Listing an item on eBay is riddled with fees. You’re only credited with 150 free insertions on the basic eBay store. After this, you’re charged an insertion fee. A final value fee is charged after a buyer commits to buy a product, even if the transaction is not completed. To make your listing stand out, there are even more fees. You can pay to bold your listing in search results, for more character spaces in the listing title, and to display a larger picture. All of these are optional, but without them it can sometimes be difficult to sell. If you're just starting out on eBay, my advice would be to use your 150 free credits wisely, and to experiment with what works best for your business while you're able to use the free insertions. When you become a more experienced seller, and making your listings stand out is a viable option for you or your company financially, then I would recommend testing out the effects that the optional listing enhancements have on your sales. For example, if it costs $.79 to add a few extra keywords to your listing title, but the item only goes for $.81 more than usual, it might not be worth the extra effort.

Buyer Seller Relationship

Many of the problems that arise for sellers come from the buyer seller relationship. The buying process is relatively easy: search, bid, and pay. This attracts many buyers, some who don’t understand the process from the seller’s side. This can cause frustrations for both buyers and sellers.

Feedback

The primary indicator for a reputable seller is their feedback rating. Buyers can leave negative feedback for inappropriate reasons or no reason at all. For example, some buyers don’t understand that shipping costs can be incorporated into their payment. They might leave negative feedback on the seller’s profile because they paid more than expected.

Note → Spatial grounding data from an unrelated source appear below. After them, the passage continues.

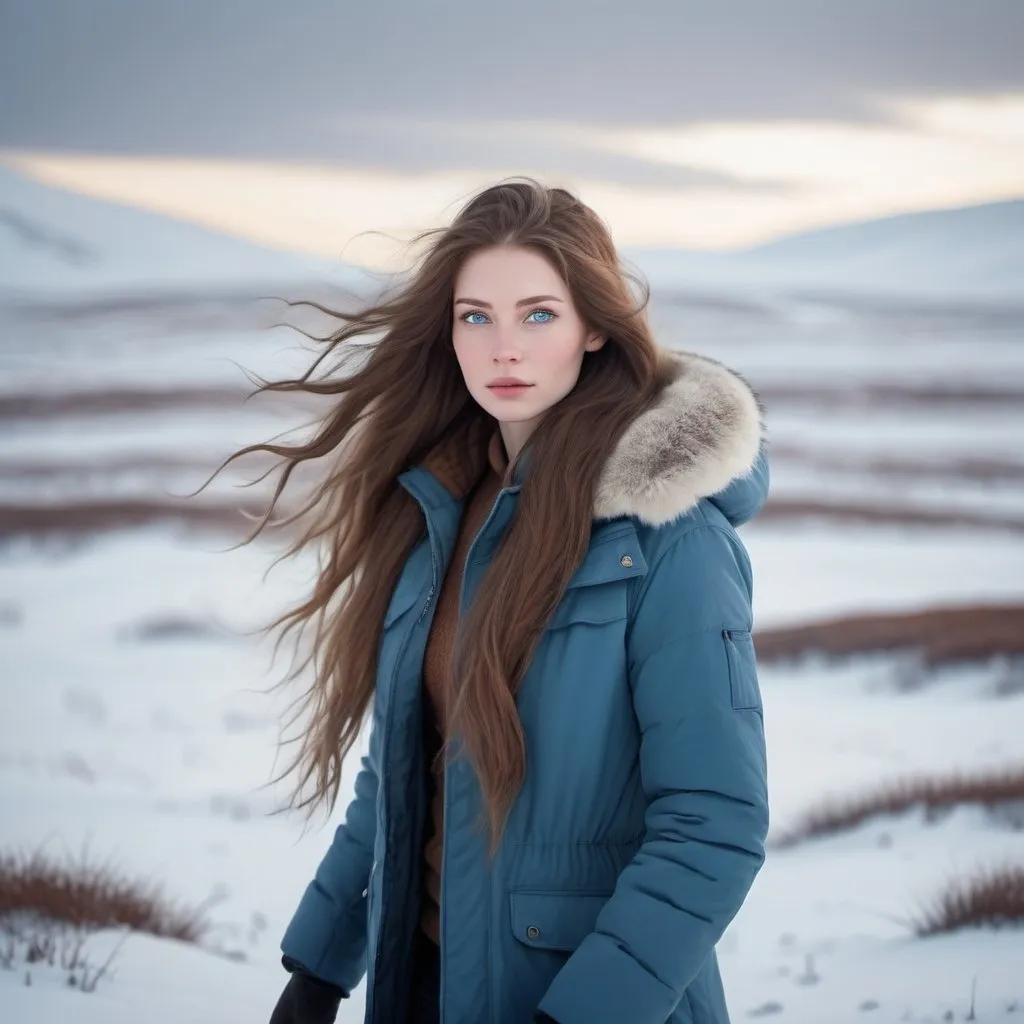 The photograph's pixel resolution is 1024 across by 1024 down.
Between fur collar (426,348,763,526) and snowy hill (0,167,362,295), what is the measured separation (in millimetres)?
10548

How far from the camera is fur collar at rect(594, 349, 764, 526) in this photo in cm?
148

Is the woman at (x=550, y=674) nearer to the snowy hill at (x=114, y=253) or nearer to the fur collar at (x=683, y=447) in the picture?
the fur collar at (x=683, y=447)

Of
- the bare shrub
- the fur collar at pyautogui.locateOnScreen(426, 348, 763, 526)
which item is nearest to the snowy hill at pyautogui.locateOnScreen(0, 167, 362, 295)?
the bare shrub

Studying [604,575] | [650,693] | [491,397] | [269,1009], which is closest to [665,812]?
[650,693]

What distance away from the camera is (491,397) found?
5.65ft

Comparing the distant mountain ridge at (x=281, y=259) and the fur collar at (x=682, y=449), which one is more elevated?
Answer: the distant mountain ridge at (x=281, y=259)

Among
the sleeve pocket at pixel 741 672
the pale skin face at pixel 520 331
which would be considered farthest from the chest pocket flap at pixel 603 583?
the pale skin face at pixel 520 331

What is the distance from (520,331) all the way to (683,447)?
1.14 feet

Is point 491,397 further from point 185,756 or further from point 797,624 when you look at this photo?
point 797,624

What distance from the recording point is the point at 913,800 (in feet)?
14.0

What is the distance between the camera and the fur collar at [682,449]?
1.48m

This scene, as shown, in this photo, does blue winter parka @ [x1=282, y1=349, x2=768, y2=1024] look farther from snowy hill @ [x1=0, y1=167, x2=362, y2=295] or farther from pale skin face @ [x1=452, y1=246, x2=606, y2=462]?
snowy hill @ [x1=0, y1=167, x2=362, y2=295]

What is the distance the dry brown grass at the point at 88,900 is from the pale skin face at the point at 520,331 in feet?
7.37

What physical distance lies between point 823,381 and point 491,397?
9.95 m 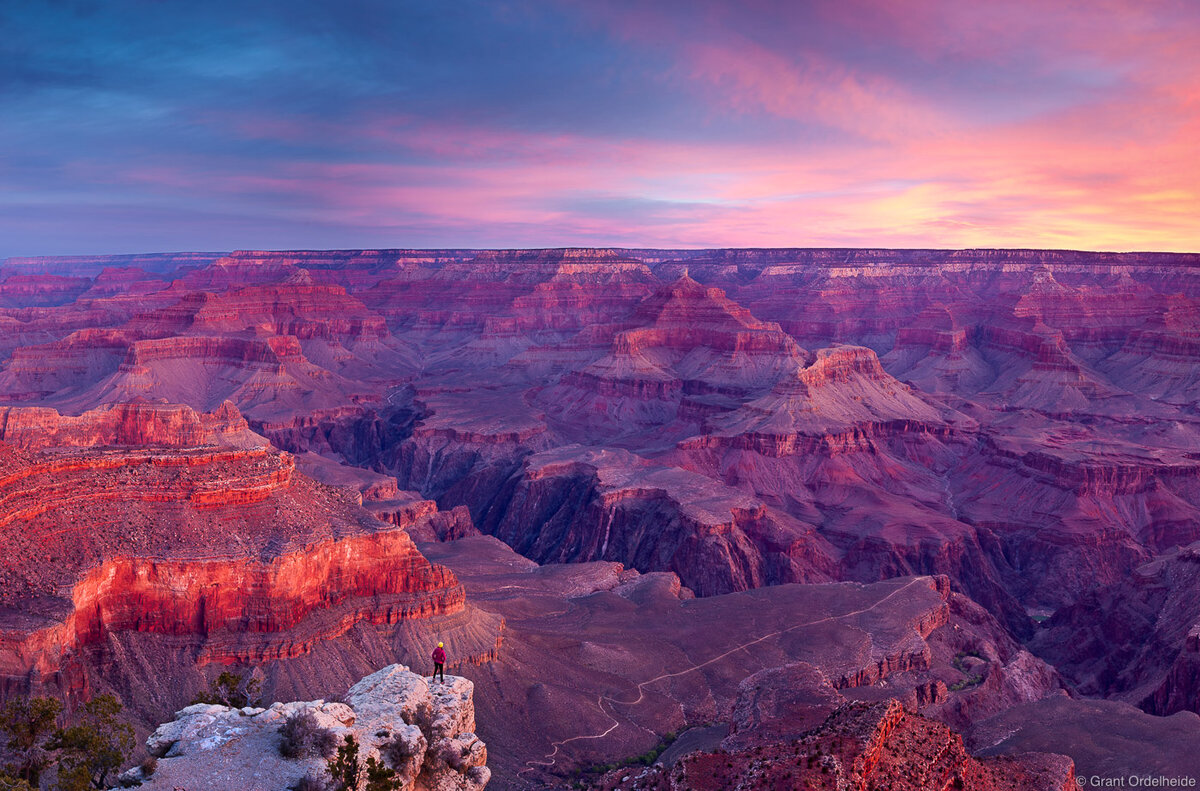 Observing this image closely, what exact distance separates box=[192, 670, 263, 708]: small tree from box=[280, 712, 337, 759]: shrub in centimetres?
726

Similarly, there is an attitude that buying something on eBay is cheaper than buying something at physical retail stores. This may be true for some products, but it is not a universal truth. The product may only be slightly cheaper, or even the same price. Buyers may just give in and buy the product, but follow it up by unfairly leaving negative feedback.

Feedback can also be left without the buyer ever reaching out to the seller for help. There are lots of different kinds of bad feedback, and you can handle them in a few ways. If the buyer didn’t state a reason, there is unfortunately very little that can be done - but that's where the helplessness ends. eBay can sometimes help if the buyer is blatantly misusing the feedback system; we have a whole blog post on improving your eBay feedback & dealing with negative feedback.

Payment

Online payments have evolved to protect buyers from scams. Unfortunately, with this buyer-focused protection, legitimate sellers are often hurt. After purchasing a product, a buyer can raise a dispute stating they never received the product or that the product is not what they ordered. In reality, the product is exactly as intended, but in some cases the buyer will win the dispute, receiving a full refund and the product. This leaves the seller out on all fees for listing, shipping costs, and their item.

It is also possible for buyers to outright not pay for products. This can happen for a number of reasons, but your auction is over without payment. If you can’t get in contact with the buyer you then go through an inconvenient and time consuming process of filing an unpaid item case in the Resolution Center. eBay contacts them asking for payment, but does not offer mediation services beyond that. If you follow the process you will be credited final value fees, but will have to relist your item or give it to the second highest bidder.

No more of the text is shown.